__Exercise__.
Task for the records below: please copy exactly, and only, the lines from the one containing "JhonCronos webcam model stream image" to the last line, both included, leaving out the pictures.

══════════════════════════════

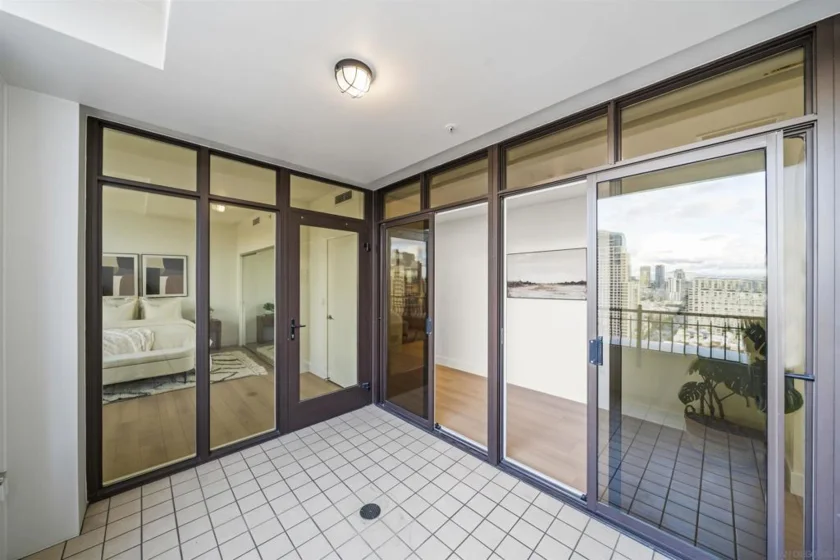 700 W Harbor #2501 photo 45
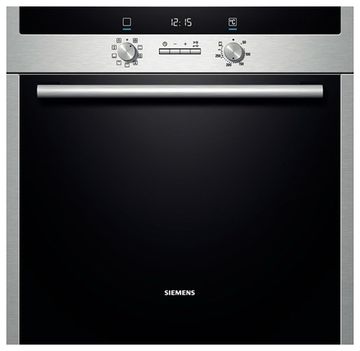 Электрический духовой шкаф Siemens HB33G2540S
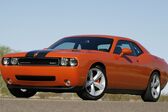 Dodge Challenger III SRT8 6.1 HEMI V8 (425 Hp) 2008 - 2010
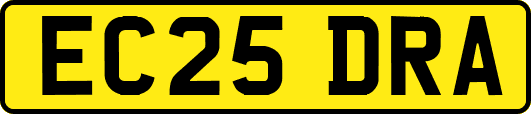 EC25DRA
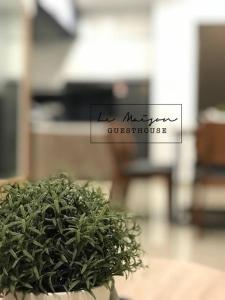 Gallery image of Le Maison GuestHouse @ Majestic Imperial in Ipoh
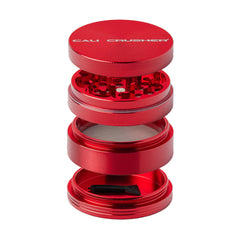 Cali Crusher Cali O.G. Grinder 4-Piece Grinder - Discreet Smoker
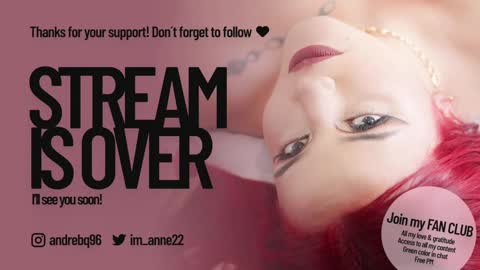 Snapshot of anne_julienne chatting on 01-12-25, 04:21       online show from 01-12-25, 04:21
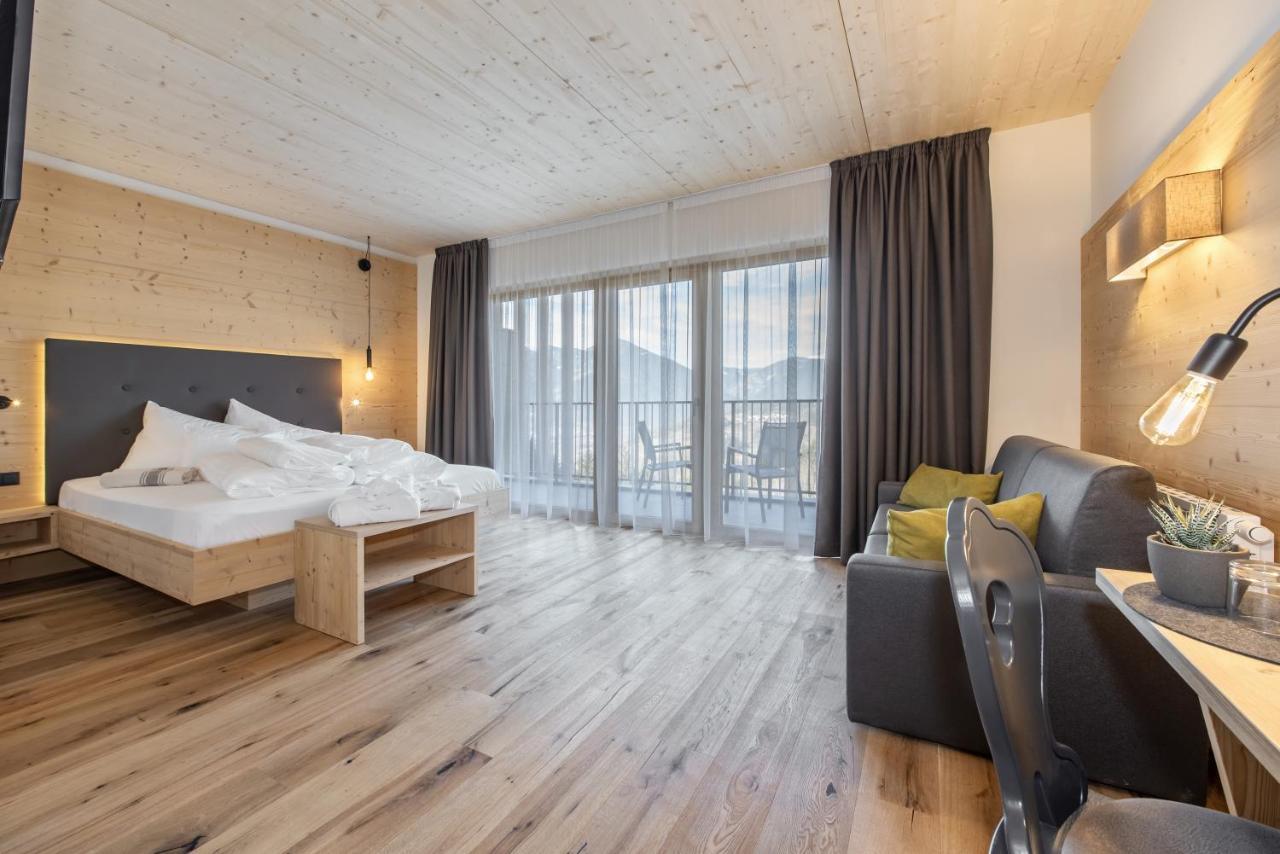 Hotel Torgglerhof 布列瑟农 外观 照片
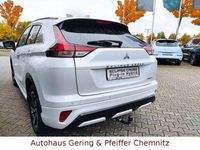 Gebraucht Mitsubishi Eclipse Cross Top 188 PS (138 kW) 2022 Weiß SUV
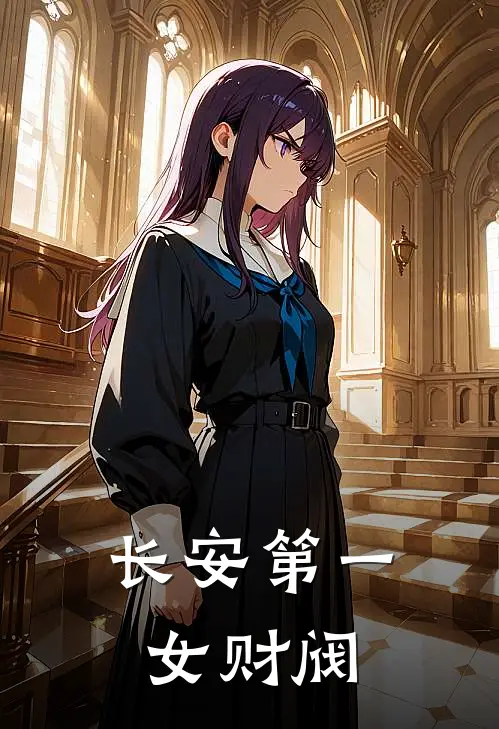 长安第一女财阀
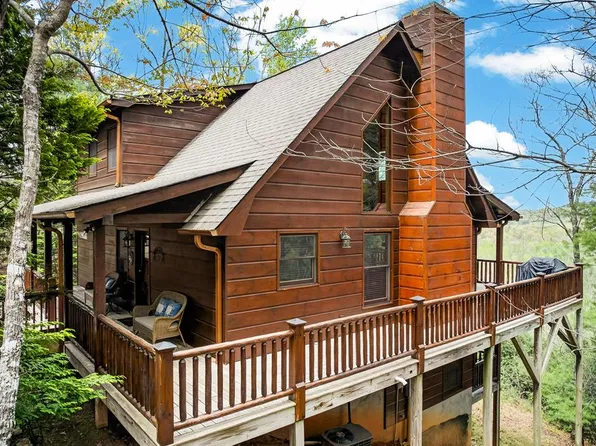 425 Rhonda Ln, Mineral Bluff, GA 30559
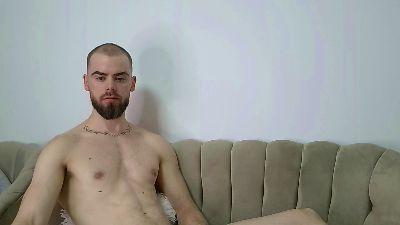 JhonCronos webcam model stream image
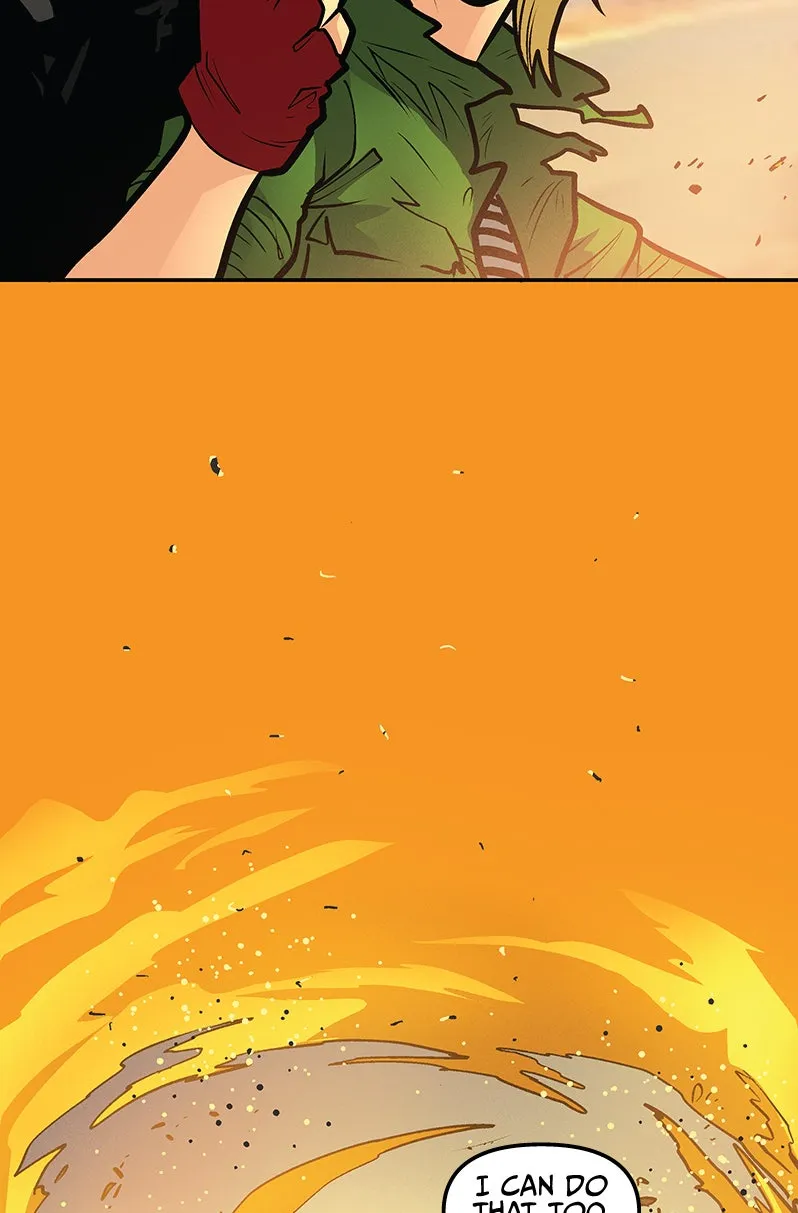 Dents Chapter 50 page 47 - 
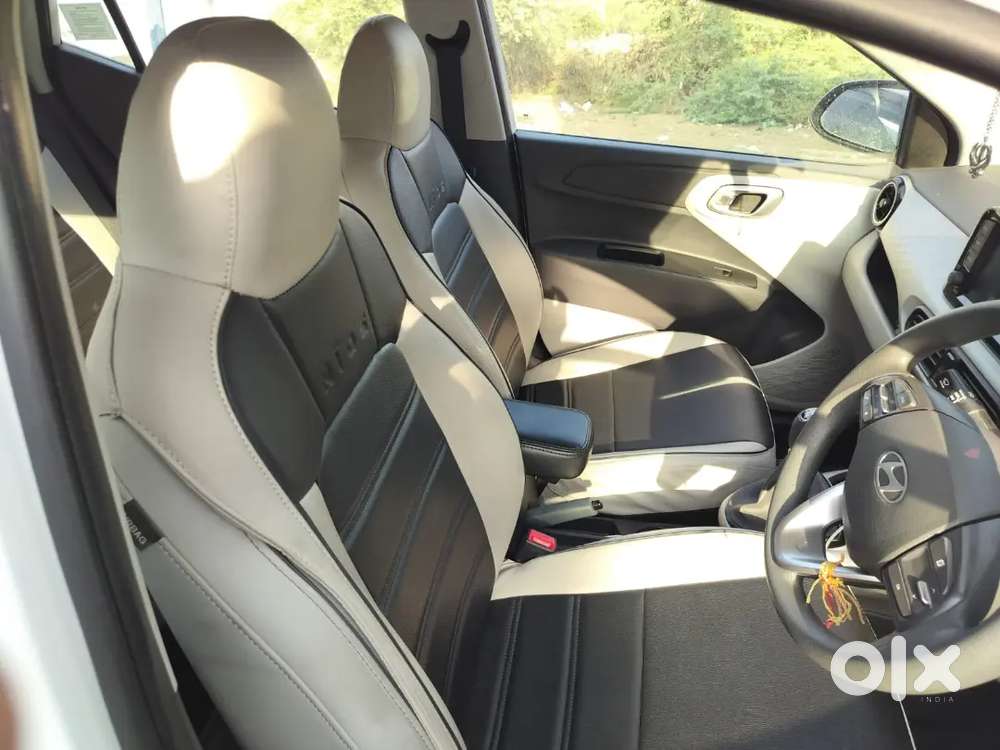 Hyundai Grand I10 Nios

══════════════════════════════

__Response below__.
 JhonCronos webcam model stream image
 Dents Chapter 50 page 47 - 
 Hyundai Grand I10 Nios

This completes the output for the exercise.